The Yeongnamnu or Yeongnamru is a pavilion on a cliff overlooking the curve of the Miryang River in central Miryang, Gyeongsangnam-do, South Korea. It dates to the Joseon Dynasty and is one of the central cultural treasures of Miryang. The current structure was built in 1884 according to the design of then-magistrate Yi In-jae. During the Joseon period, this was known as one of the three great pavilions of Korea, together with the Chokseongnu in Jinju and the Pubyŏk pavilion in Pyongyang.

The Yeongnamnu itself is actually one of a complex of historic buildings. Stone-carved calligraphy from the Joseon period abounds in the pavilion complex.
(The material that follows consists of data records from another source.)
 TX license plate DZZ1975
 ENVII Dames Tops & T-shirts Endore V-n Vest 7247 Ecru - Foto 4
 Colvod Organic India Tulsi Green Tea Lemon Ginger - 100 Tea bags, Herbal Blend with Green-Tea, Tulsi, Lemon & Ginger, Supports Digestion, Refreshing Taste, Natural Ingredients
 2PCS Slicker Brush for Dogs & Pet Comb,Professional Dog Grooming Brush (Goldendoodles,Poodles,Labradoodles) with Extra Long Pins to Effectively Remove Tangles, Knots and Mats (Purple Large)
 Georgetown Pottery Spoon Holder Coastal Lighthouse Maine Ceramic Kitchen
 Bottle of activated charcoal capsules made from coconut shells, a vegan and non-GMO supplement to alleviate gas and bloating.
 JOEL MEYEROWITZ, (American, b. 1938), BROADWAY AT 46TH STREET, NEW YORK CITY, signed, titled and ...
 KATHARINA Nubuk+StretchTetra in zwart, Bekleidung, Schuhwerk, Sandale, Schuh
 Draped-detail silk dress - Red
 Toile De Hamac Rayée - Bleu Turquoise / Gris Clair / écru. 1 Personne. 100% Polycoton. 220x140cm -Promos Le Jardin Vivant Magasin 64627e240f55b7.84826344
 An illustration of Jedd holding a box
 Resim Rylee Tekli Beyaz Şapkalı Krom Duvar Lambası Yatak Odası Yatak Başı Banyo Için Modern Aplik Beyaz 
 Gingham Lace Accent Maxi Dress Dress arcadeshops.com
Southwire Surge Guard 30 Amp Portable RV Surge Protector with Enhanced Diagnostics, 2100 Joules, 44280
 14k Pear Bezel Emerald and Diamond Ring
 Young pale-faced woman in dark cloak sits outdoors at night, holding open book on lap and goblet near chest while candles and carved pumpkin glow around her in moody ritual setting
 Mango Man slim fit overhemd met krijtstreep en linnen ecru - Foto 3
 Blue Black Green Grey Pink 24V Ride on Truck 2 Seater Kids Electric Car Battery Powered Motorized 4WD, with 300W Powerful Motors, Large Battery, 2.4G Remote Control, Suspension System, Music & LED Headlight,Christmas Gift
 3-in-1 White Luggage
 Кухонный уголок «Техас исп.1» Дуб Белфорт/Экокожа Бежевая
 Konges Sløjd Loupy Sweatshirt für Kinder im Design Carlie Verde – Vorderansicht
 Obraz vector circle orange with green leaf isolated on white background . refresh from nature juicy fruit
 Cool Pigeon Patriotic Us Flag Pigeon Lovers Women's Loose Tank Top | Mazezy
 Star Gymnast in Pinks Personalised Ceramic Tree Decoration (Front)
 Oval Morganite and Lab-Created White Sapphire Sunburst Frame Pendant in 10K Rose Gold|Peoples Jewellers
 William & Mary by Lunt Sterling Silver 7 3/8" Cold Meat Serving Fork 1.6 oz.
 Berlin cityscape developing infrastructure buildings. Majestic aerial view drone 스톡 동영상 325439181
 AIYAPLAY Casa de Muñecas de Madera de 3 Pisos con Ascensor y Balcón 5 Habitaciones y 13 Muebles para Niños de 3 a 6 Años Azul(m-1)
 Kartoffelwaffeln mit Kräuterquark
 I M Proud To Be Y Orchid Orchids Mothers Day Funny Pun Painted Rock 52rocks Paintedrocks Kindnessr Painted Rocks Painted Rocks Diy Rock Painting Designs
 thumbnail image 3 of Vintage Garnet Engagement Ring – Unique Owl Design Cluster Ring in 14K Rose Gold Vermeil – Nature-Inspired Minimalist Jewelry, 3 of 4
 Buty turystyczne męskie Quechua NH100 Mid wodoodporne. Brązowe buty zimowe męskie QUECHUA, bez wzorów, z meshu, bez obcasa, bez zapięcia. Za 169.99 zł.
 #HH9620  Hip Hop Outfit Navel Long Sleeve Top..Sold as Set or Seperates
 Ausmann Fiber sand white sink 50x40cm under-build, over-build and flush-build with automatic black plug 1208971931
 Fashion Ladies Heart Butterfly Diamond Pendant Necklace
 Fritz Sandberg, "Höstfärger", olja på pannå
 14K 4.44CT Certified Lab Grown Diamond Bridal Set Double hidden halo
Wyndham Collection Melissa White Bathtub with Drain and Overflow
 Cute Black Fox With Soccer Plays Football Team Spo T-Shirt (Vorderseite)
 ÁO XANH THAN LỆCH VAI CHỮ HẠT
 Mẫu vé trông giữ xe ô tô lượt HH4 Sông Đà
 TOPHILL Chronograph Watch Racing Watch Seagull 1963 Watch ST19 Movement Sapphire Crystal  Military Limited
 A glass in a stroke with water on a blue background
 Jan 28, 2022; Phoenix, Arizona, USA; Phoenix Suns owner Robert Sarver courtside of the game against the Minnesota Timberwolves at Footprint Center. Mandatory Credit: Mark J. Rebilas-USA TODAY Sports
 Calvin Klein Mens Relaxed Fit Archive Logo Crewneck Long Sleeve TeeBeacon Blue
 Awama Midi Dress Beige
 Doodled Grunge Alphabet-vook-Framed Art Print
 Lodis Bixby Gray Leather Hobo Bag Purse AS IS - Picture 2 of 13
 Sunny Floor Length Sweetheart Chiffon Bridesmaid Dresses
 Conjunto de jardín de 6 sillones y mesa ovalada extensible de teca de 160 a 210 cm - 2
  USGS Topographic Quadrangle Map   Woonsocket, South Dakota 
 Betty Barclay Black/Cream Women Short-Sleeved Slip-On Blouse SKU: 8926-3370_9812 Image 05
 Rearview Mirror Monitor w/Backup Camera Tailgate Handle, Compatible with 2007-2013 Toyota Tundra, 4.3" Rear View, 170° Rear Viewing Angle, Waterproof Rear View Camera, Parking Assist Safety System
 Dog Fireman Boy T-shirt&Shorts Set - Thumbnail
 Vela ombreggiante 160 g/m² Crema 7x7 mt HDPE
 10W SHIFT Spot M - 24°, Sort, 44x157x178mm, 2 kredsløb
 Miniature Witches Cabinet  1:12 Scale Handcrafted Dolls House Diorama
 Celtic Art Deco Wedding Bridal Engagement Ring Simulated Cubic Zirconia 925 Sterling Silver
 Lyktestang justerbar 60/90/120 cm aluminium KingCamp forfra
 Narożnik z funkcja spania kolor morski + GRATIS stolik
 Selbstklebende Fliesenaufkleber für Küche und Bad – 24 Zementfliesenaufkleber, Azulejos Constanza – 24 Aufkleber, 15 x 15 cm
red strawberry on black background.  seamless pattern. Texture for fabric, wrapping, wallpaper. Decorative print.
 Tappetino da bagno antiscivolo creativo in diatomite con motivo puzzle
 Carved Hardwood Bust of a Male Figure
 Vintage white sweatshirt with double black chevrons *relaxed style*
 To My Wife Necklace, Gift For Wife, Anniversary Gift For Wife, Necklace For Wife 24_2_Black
Also near the Yeongnamnu stand the Aranggak pavilion and the Miryang City Museum.

The first pavilion was probably constructed on this site in the Silla period, as part of the now-vanished temple of Yeongnamsa. That pavilion was torn down in the late Goryeo period and replaced by the precursor of the current structure. It became affiliated with the Miryang guesthouse (gaeksa), which thanks to Miryang's location on the Great Yeongnam Road often played host to officials traveling between Hanyang (Seoul) and Busan.

The Yeongnamnu shares its name with Yeongnam, the traditional region of Korea in which Miryang is located. In both cases, the name means "south of the pass." While the name of the region probably refers to Mungyeong Saejae or Haneuljae, the name of the pavilion and the temple may refer to Paljoryeong.